Doğu ile batı, geleneksel ile modern arasındaki eşikleri mesken edinen, ne o ne de bu yana ait hisseden Hayri’nin hayattaki yerine dair sorduğu sorularla ilişkilenmeye teşne olduğumuz oyun; zaman ve kimlik kavramları etrafındaki meselesini tiyatro ve sinemanın kol kola yürüdüğü bir rejiyle izleyenlere sunuyor. Bir buçuk saati aşan tek kişilik ve hayli kalabalık performansıyla Serkan Keskin’in oyunculuk şöleninin altını çizmeden geçmeyelim.

En çok hangi âna yükseldin? 

Oyundan bana kalan anlardan biri Doktor Ramiz’in Hayri İrdal’a “Psikanaliz çıktığından beri hepimiz biraz hastayız.” dediği sahneydi. Tanpınar’ın modernleşme furyasından payımıza düşen psikanalize dair hicivlerinin, içinde yaşadığımız zamanla da oldukça organik bir bağı var şüphesiz.

Ambiyans / ortam / mekân / kurgu / dekor için neler söyleyebilirsin? 

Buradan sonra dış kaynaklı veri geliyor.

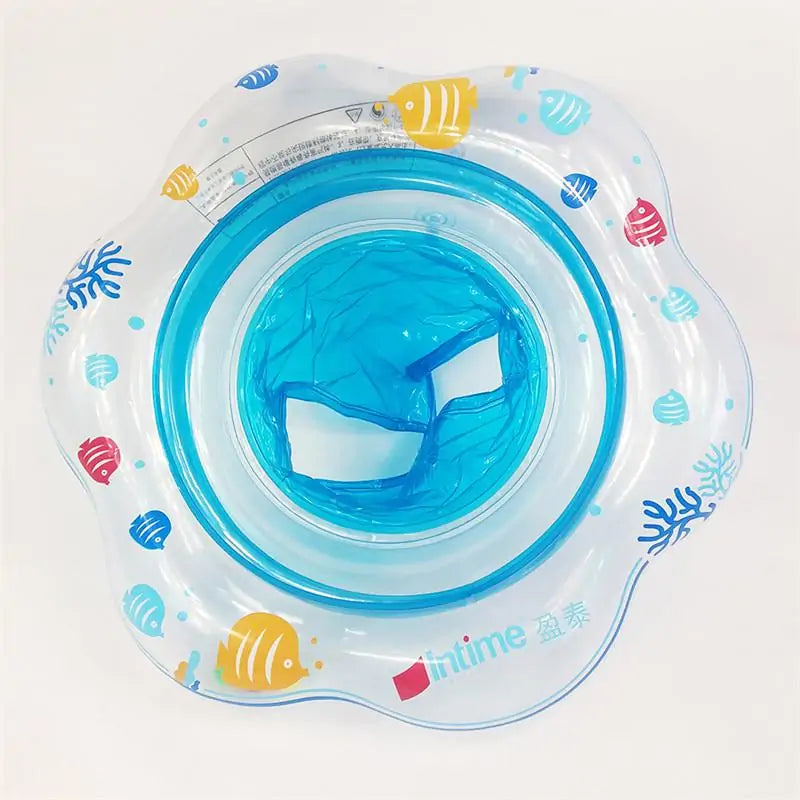 Baby Swim Tubes Blue 19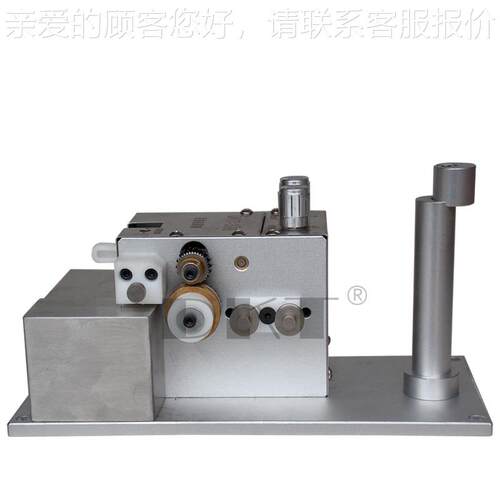 KT-38自动孔破锡机 9可调线径破锡D机-398 锡线打点机 锡线防飞溅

Metnin orijinalindeki episotlu yapının korunduğu oyun boyunca, Hayri İrdal’ın hatırladığı ve anlattığı kadarıyla çocukluğundan bugününe uzanan çeşitli olaylara tanık oluyoruz. Bu tanıklık kâh sahne ortasında yer alan elips şeklindeki büyük ekrana yansıtılan -önceden stüdyoda çekilmiş- sahnelerle, kâh Serkan Keskin’in o an sahne üzerindeki performansıyla, kâh da bu iki medyumun birbiriyle konuştuğu / ilişkilendiği eş zamanlı anlarla sağlanıyor. Bu bölünme ve aynı zamanda birbirini tamamlama hâli; karakterin kimliğine dair cevaplayamadığı sorularını, ne o ne de bu tarafta olamayışını birlikte düşünmek için kıymetli bir alan açıyor.

Kimler sever? 

Farklı sahneleme tekniklerine açık olanlar ve Serkan Keskin’in heybesindeki onlarca karakteri sergilediği performansını kaçırmak istemeyenler.

Yazara / yönetmene bir soru soracak olsan ne olurdu?

Eserin yazıldığı zamanda Hayri İrdal anlatısı üzerinden toplumun modernleşme sürecine dair yapılan okumanın / hicvin; bugün yaşadığımız zamanda ve coğrafyadaki izdüşümü için neler söylersiniz?